BED BATH & BEYOND SET TO COMPLETE A ROUND OF LAYOFFS IN NEW JERSEY THE DAY BEFORE A NEW STATE LAW TAKES EFFECT THAT WOULD MEAN MILLIONS MORE IN SEVERANCE FOR WORKERS

  • Bed Bath & Beyond is closing 43 stores, two warehouses, and one fulfillment center in New Jersey.
  • The company is also slashing 377 jobs at its Union, NJ, corporate headquarters, effective April 9.
  • New layoff rules go into effect on April 10 in the state, which could have cost the company millions.

As embattled housewares giant Bed Bath & Beyond drastically shrinks its retail operation, the timing of store closures and layoffs in its home state of New Jersey is likely helping the company avoid millions of dollars in liabilities it might otherwise face.

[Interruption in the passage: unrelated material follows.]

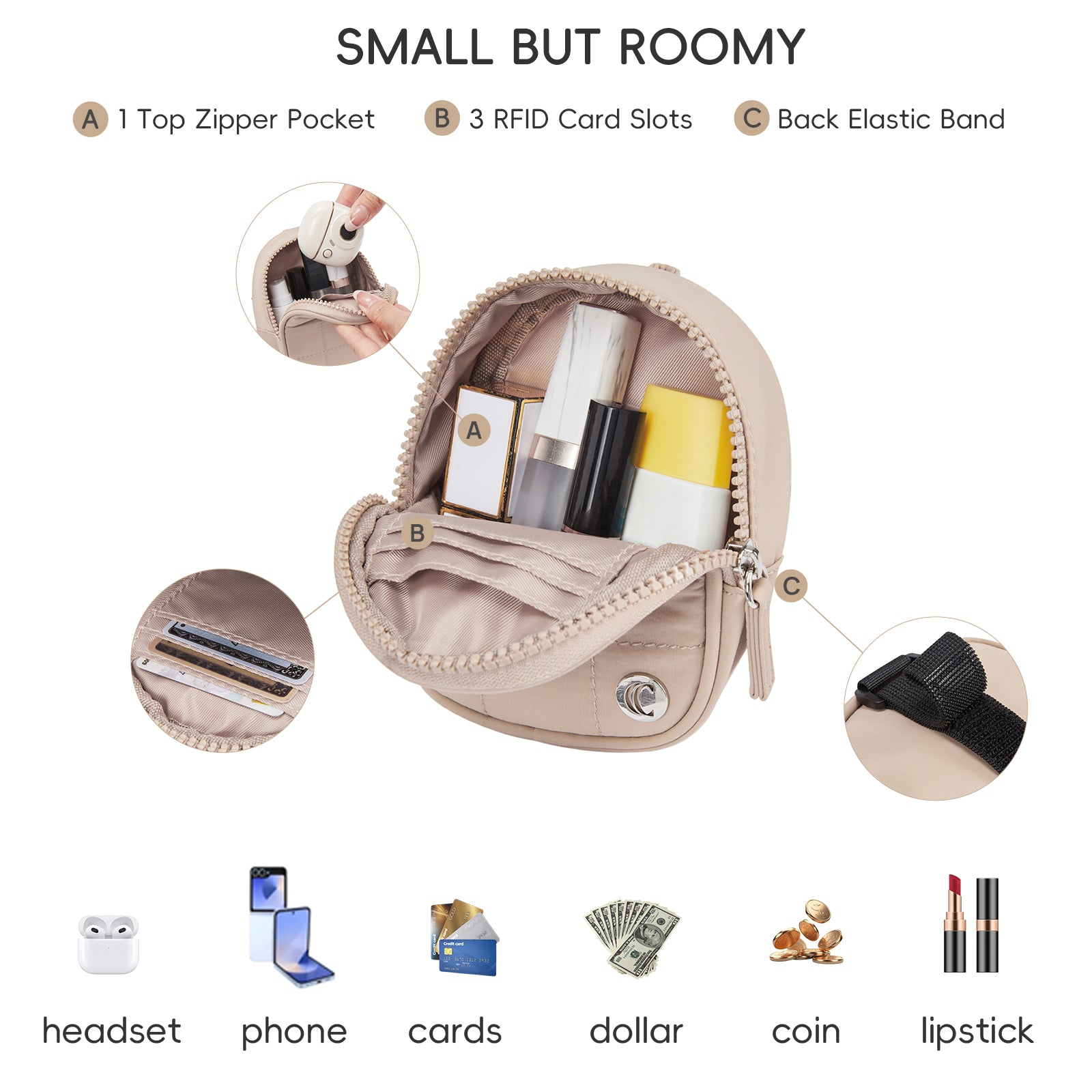 CLUCI Mini Cute Puffer Keychain Wallet with 3 RFID Card Slots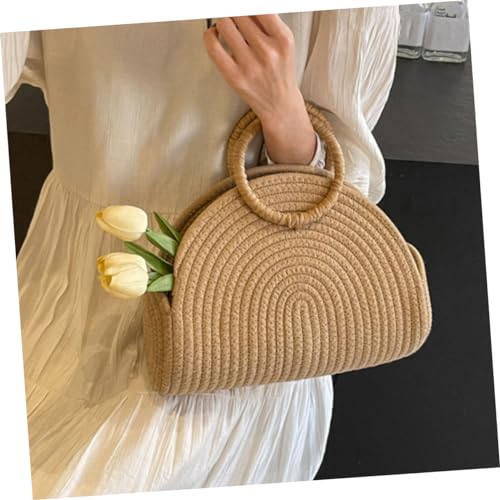 NOLITOY Cotton Rope Handbag Large Capacity Woven Beach Bag for Women Fashionable Straw Bag for Holiday Outdoor Pouch2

On the morning of Tuesday, January 10, Bed Bath & Beyond CEO Sue Gove offered a rosy update about the company's turnaround strategy during its third-quarter earnings call.

"Our entire organization is laser-focused on maximizing the value of our company by reconnecting with our customers and positioning Bed Bath & Beyond, buybuy BABY, and Harmon for long-term success," she said.

Later that day, New Jersey Governor Phil Murphy signed a bill setting April 10 as the effective date of sweeping new rules that companies must follow when they lay off workers.

Current federal and state laws require 60-days' public notice of job cuts affecting 50 or more full-time workers at one location, and only require severance payments in the event that an employer does not give full notice.

Management-side employment lawyer Mark Diana, of the firm Ogletree Deakins, told Insider that starting April 10 in New Jersey, employers will be required to give 90 days' notice, include all part-time and full-time workers across all locations in the state, and pay mandatory severance of one week's earnings per year of service, with no cap on the number of weeks.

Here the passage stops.